My juniors and seniors in American Literature dutifully interviewed each other and dutifully reported what they had learned. That established the pattern for that class. They did what they were told, but without passion. Maybe the 7:30 start had something to do with it.

In my second class, a young man named James strolled in, looked around, grinned, and said, ‘I see we’re all here!’ James knew what I did not -- that English on the Job might just as well have been called English for Students Who Hate English. It was like one of those German POW camps where they put all the escapers.

Clearly the interview exercise was unnecessary, so I junked it. I explained to them that we were going to would approach English on the Job as if it were a job rather than a class.

‘Excuse me, Mr. Clark?’ James asked. ‘Does that mean we’re going to get paid? And if we screw up, do we get fired?’

Everyone laughed. He had me and they knew it. If they weren’t paid and couldn’t be fired, it wasn’t a job. It was embarrassing, but I liked these misfits. They were full of life.

The last class of the day was freshman English. They did the interviews with minimal effort and a lot of whining and juvenile posturing. Half the class reported having no favorite book.
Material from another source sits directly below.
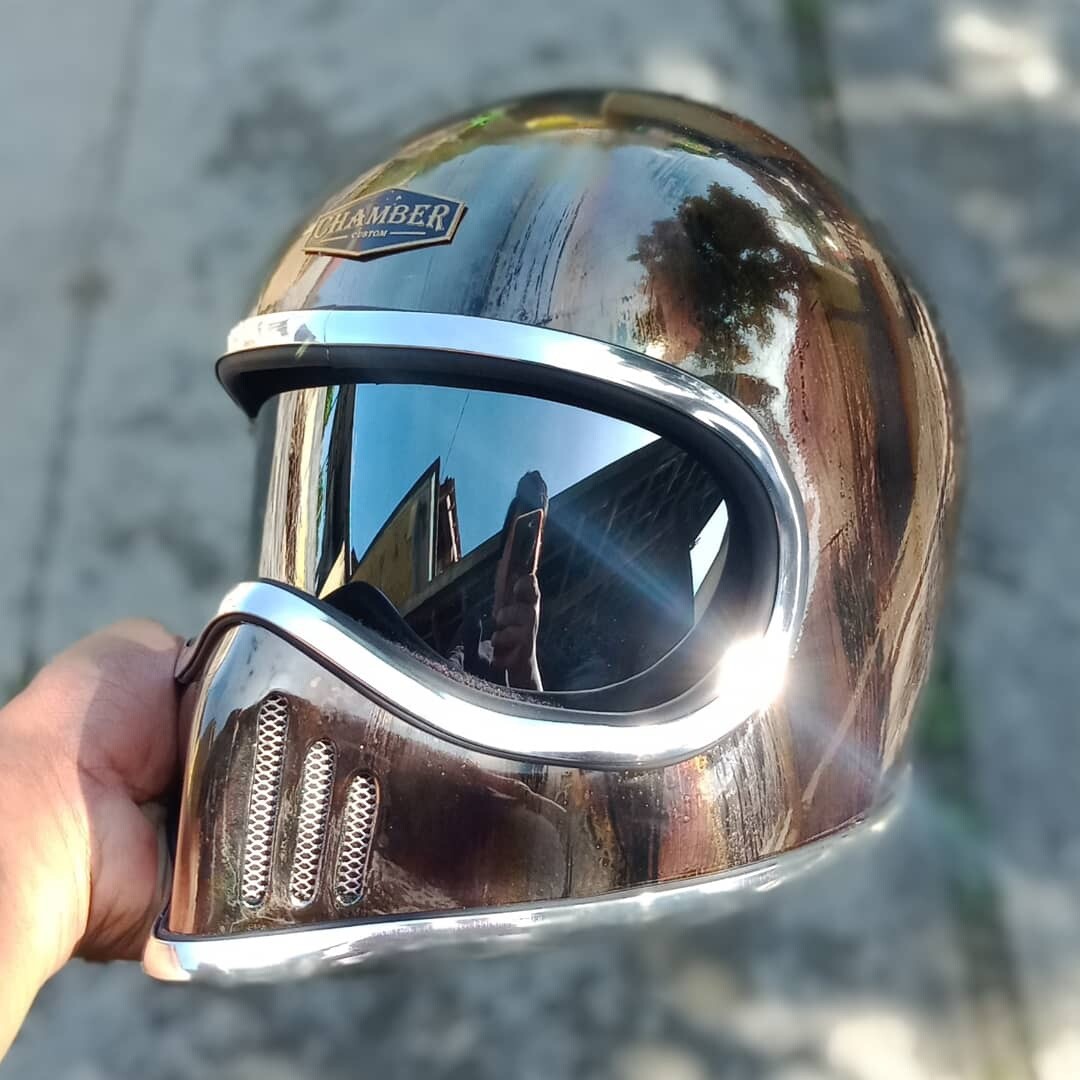VINTAGE CUSTOM HELMET DRACO RUSTIC CHROME CAFE RACER CHOPPER BOBBER MOTORCYCLE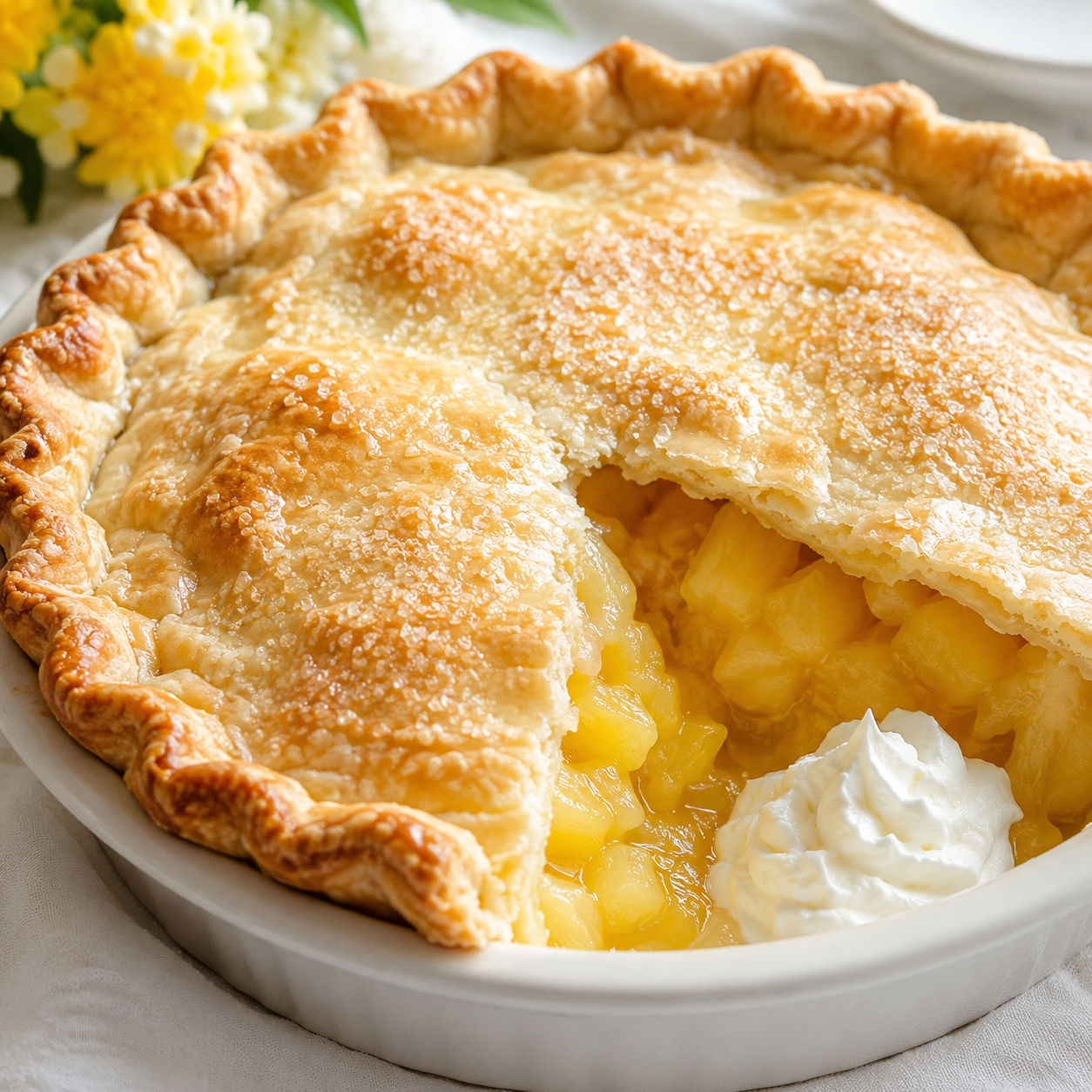 Fluffy Easter pineapple pie with golden crust and glossy pineapple filling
It was depressing.

I went to see Gib West, the assistant principal, for some advice about the freshmen. ‘Take them outside tomorrow,’ he suggested. ‘Tell them honestly how you felt about today.’

It sounded good. So the next day I took the class into the fields and woods behind ConVal and tried to get a discussion of classroom behavior going. I was drowned out by the gripers. Clearly this wasn’t working, either. So I told the students to walk back to the school without talking.

Listen to the sounds of nature, I instructed, and we’ll all write essays about what we heard.

Here’s what I heard, marching at the end of the line: ‘Why do we have to do this?’ ‘I’m hot.’ ‘When does this class end?’

Then from the head of the column came a series of startled yelps, followed by screaming. I ran up and found a swarm of ground hornets clinging to the students’ jeans and shirts, buzzing furiously. So much for the sounds of nature.

In all, five students had to be treated for stings. When the bell mercifully sounded, I went back to the English office, where the other teachers laughed and said I was already a legend. Then they told their own first-year horror stories to make me feel better. And I did, a little.

This week, we’ll find different ways to get to know each other. I’ll ask my Modern Literature students to put together a 1,000-piece puzzle without looking at the picture on the box, an exercise in problem-solving.

The freshmen will play ball toss, and when somebody drops the ball, we’ll learn how to talk about what happened and why without laying blame. In Creative Writing, I’ll ask everyone to bring in an example of good writing and explain what’s good about it.

But we’ll stay out of the woods.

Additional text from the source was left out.